Гринберг [200](первый редактор «Опытов») пригласил меня в затеянный им альманах «в честь Пастернака» [201], в котором будет «немного стихов, немного прозы и множество статей», но мне просто нечего ему дать. Сколько, однако, можно писать о Пастернаке! Я, откровенно говоря, статей о нем читать уже больше не могу!! [202]
А что слышно о Вашей книжке в «Рифме»? Есть надежда, что она выйдет? Сердечный привет и наилучшие пожелания!

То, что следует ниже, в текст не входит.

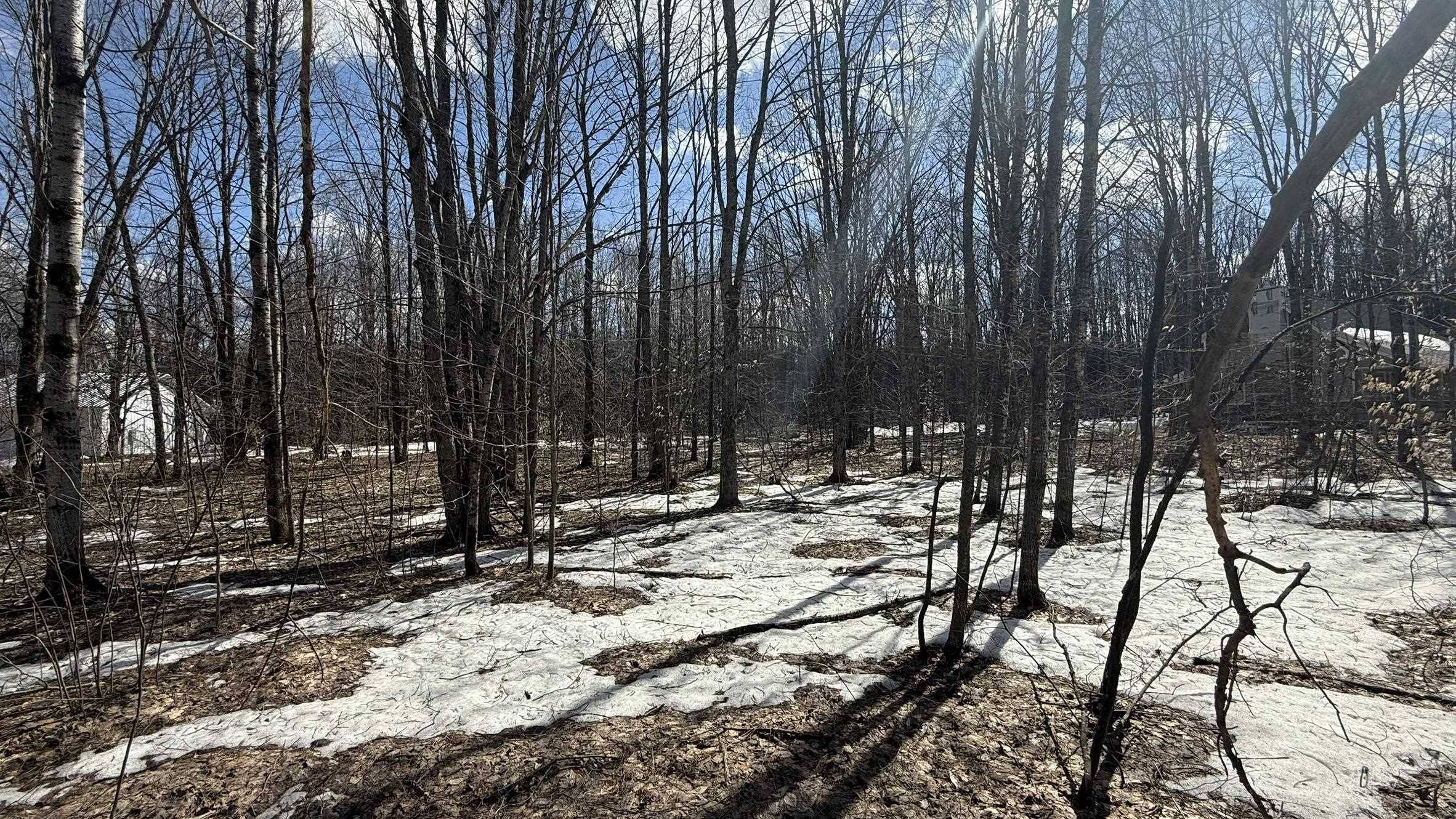 Mancelona, MI 49659,Lot 421 Northridge Drive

Искренне преданный Вам Д. Кленовский
12 мая <19>59
Дорогой Владимир Федорович!
Ваше длинное и интересное письмо вознаградило меня за Ваше долгое молчание [203]. Я не «дулся» на Вас, но, откровенно говоря, решил, что книга моя Вам настолько не понравилась, что Вы не хотите о ней говорить. Я не удивился бы этому, т. к. замечаю, что перемена симпатий в эмигрантской литературной среде — явление довольно обычное. Рад, что ошибся. Ваши критические замечания интересны, и с некоторыми из них я согласен. Что касается помазания на поэтическое царство [204], то я против каких-либо порядковых №№ в литературе. Среди поэтов-эмигрантов есть, на мой взгляд, с десяток хороших, и уточнять, кто кого и на какую долю секунды обогнал — излишне, мы не на стадионе, да и вообще это дело вкуса. К Вашей мне присяге [205]я отнесся, выражаясь немецким газетно-политическим языком, mif gedampftem Optimismus [206]. Чувствую, что присягаете Вы мне по традиции, за неимением лучшего, ну, словом, не так, как присягнули бы Петру I, а как, скажем, Александру III. Поскольку тиранство мое неизбежно выразится в отсутствии реформ в моем поэтическом хозяйстве, Ваше появление на Сенатской площади всегда мне угрожает. Об одном прошу: не кидайте бомб в мою похоронную процессию!